2018. Courtesy Icarus Film

Excerpt from MoMA’s blog, post: notes on art in a global context:

“In film school, you learn that you have to know the story you want to tell, that you have to go through all kinds of preparations in order to make a film. But experience has shown me that sometimes, you have to abandon preparations and take what life gives you. And that’s what I experienced with Delphine. Had I waited and gone through the motions of planning before starting, had I been there with a crew, I would not have the same story. I would not have this spontaneous outpouring. And the film is also the film of the moment—of that moment in particular, when Delphine was moved to speak about what she had been through—and not a later date in accordance with a production schedule.
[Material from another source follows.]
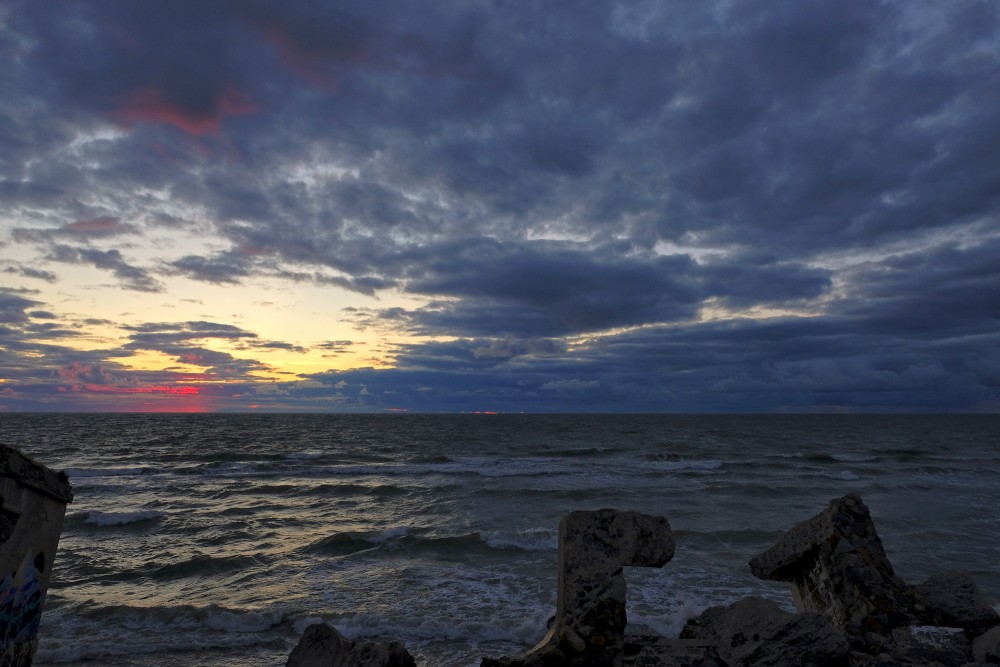 Ziemeļu forti pēc saulrieta (Liepāja)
I had to respect the moment. I hope one senses that in the film.

As African filmmakers studying in Belgium, we are taught Western cinema. I’ve had to deconstruct this to find my own cinema, because the way cinema is made in the West is not my way of doing cinema. It’s not the same reality. If I take the Western approach to making movies, I will destroy the singularity of the story that I want to film. I have to find, each time, the right way of filming the situation, story, or subject at hand. We even joked about it: Delphine asks me if I’m ready, if I have my “carnet de bord,” my logbook. And at the start of the film, she is the one directing me to sit next to her—rather than me occupying this other kind of position behind the camera. The mise-en-scène mirrors our friendship. It was similar with Sabine. She asked me in the first scene to enter the salon, to physically be a part of her world with my camera, not to film it from the outside. Sabine knows her space better than I do, she knows her story better than I do . . . and, as a filmmaker, I have to respect that. If I want to tell Sabine’s story, or Delphine’s story, I have to respect their gaze and what they have asked me to do.
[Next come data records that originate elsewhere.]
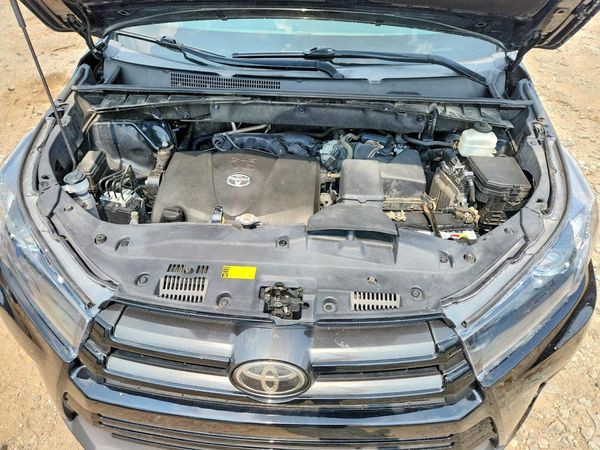 2019 TOYOTA HIGHLANDER SE/XLE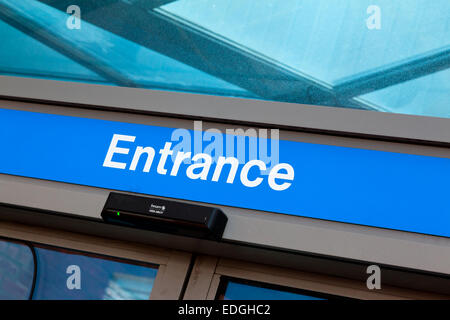 Ingresso ospedale segno sopra una porta al di fuori di un British National Health Service NHS Hospital Foto Stock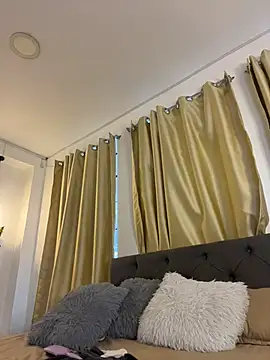 Nahial1 live cam on StripChat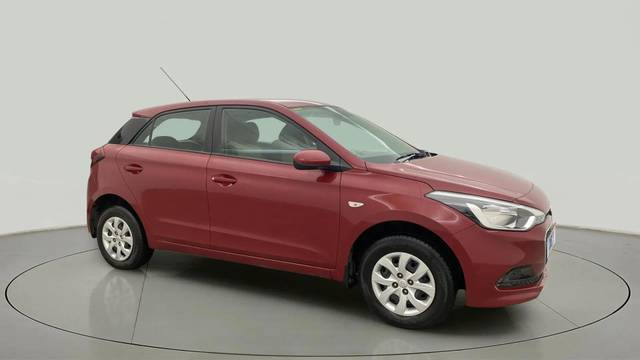 https://images10.gaadi.com/usedcar_image/4570067/original/1a89f4d1590ffc2aeaf7d78e2f49e005.jpg?imwidth=6400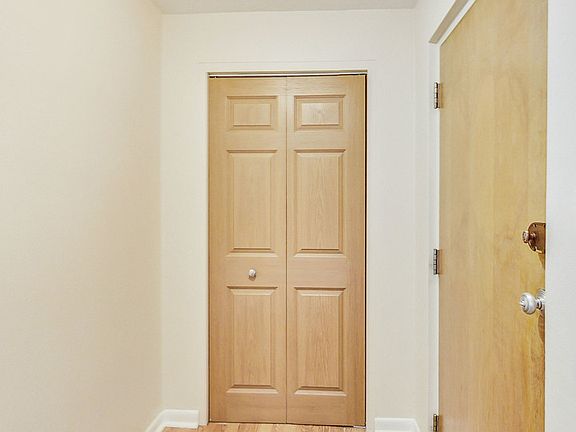 2nd image of 1333 W Touhy Ave APT 205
I filmed Delphine at home for ten days. It wasn’t really a question of directing. Delphine knew exactly what she wanted to tell me and the way in which she wanted to say it. Throughout, I questioned my own role and place. I didn’t want to assert power over her story; I wanted to just be silent and listen, and to ensure that she was comfortable. Quickly, the bed became the focal point of our sessions. That was the place of confidence for her, where she was at ease and sheltered from the outside world— not least from her husband and children, who were on the other side of the apartment. Usually, we say that the director has the final word, but with Delphine, after ten days, the shoot ended as suddenly as it had started. One day I showed up with my camera, we talked for a little bit, and she told me that she’d said everything there was to say. No planning, the film shoot was over.
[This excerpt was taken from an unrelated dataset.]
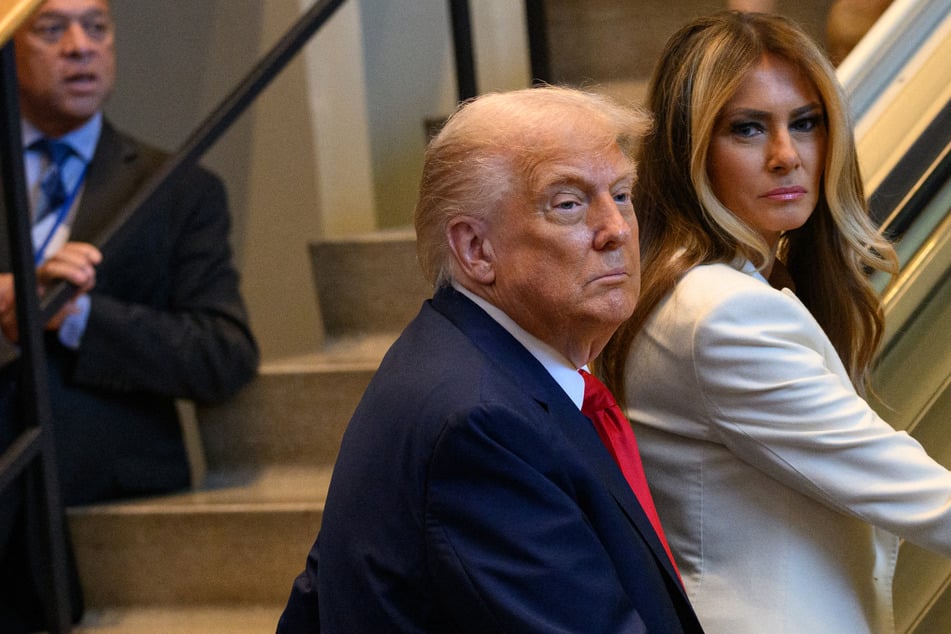 Trump sparks "escalatorgate" as White House probes UN malfunctions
I did a first edit in 2015 and it wasn’t right. At that time, I was carrying around a kind of rage, born of my situation here, by my experience as a lone Black filmmaker in the film school, and I edited that film with my anger. I can say that. And it was not the story of Delphine, but rather the story of my bitterness. But that is not the kind of work I want to make, and so I set the footage aside and started working on a project about my mother, which would become Two Faces of a Bamiléké Woman (2016). It was only in 2019 that I felt I was ready to edit the film. The experience of Chez Jolie Coiffure and Two Faces gave me the maturity to see Delphine’s story in the right way. When I started the editing, the choice of sequences and the process was really simple because the moment was right. I was no longer seeing Delphine through my lived experiences, but just seeing her as she was and is and . . . and everything was evident to me and to the editor. After editing, I asked Delphine to come and watch the film, and she saw it and told me, “I want people to see it now.” For me, this was a huge relief as I wanted to respect her voice and testimony.”